We are introduced to Gösta Berling in the novel's prologue as a handsome, charismatic young minister who has fallen into drunken carousing and wild living. Leaving his ministry before he can be defrocked, he becomes a homeless beggar until the Majoress of Ekeby, the wealthiest woman in the area, scoops him up in her charity and gives him a home as one of her twelve Cavaliers, a motley crew of ex-officers, down-on-their-luck squires, musicians and others who spend their days playing cards and drinking.
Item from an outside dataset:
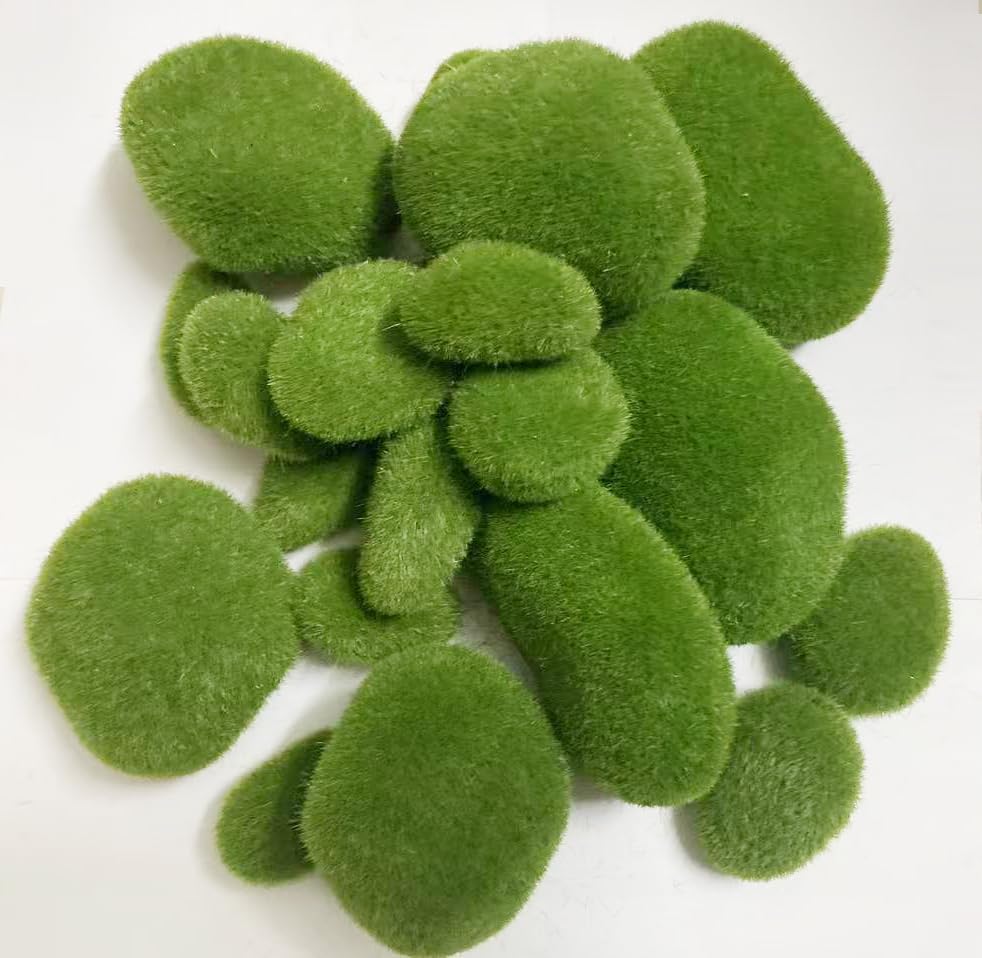 21 PCS Artificial Moss Rocks for Decoration (4 Size), Fake Green Moss Covered Stones, Moss Balls for Indoor/Outdoor Plant Decor, Moss Rocks for Floral Arrangements, Fairy Gardens and Crafts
The time-span of the novel is a year, from one Christmas feast to another. During the first Christmas feast, the Cavaliers betray the Majoress, and she is exiled from her home to wander the roads until the next Christmas when she returns to claim her power and position. The events during the year chronicle, not only Berling's adventures and misadventures, but capture the life of the inhabitants of Värmland from the wealthy iron manufacturers to the farming peasants. The Swedes of Lagerlöf's world are not morose or haunted by piety—they are full of life, lusty, passionate and active, and Berling is a Romantic hero with a streak of Lutheran morality at his core. One of the reasons for Lagerlöf's renown and popularity during her lifetime is that she depicted the Swedish people as they liked to see themselves, unlike her older contemporary, the misanthropic August Strindberg. Selma Lagerlöf celebrated the Swedish landscape and people—perhaps her best beloved work in Sweden is The Wonderful Adventures of Nils (Nils Holgerssons underbara resa genom Sverige, 1906–07), which introduces the geography and history of her native land to children.

The Saga of Gösta Berling moves freely from lyrical celebrations of nature to harshly realistic descriptions of industry, and on into the realms of folklore and fairytale. Were the book published today, we might classify it as magical realism. But set in the 1820s, Lagerlöf's novel is really a piece of historical fiction, nostalgically recapturing a world that is lost to those entering the angst-ridden world of the 20th century. It is not a particularly intellectually challenging novel, but it is a fascinating peek into 19th century Sweden, and it is a cracking good read.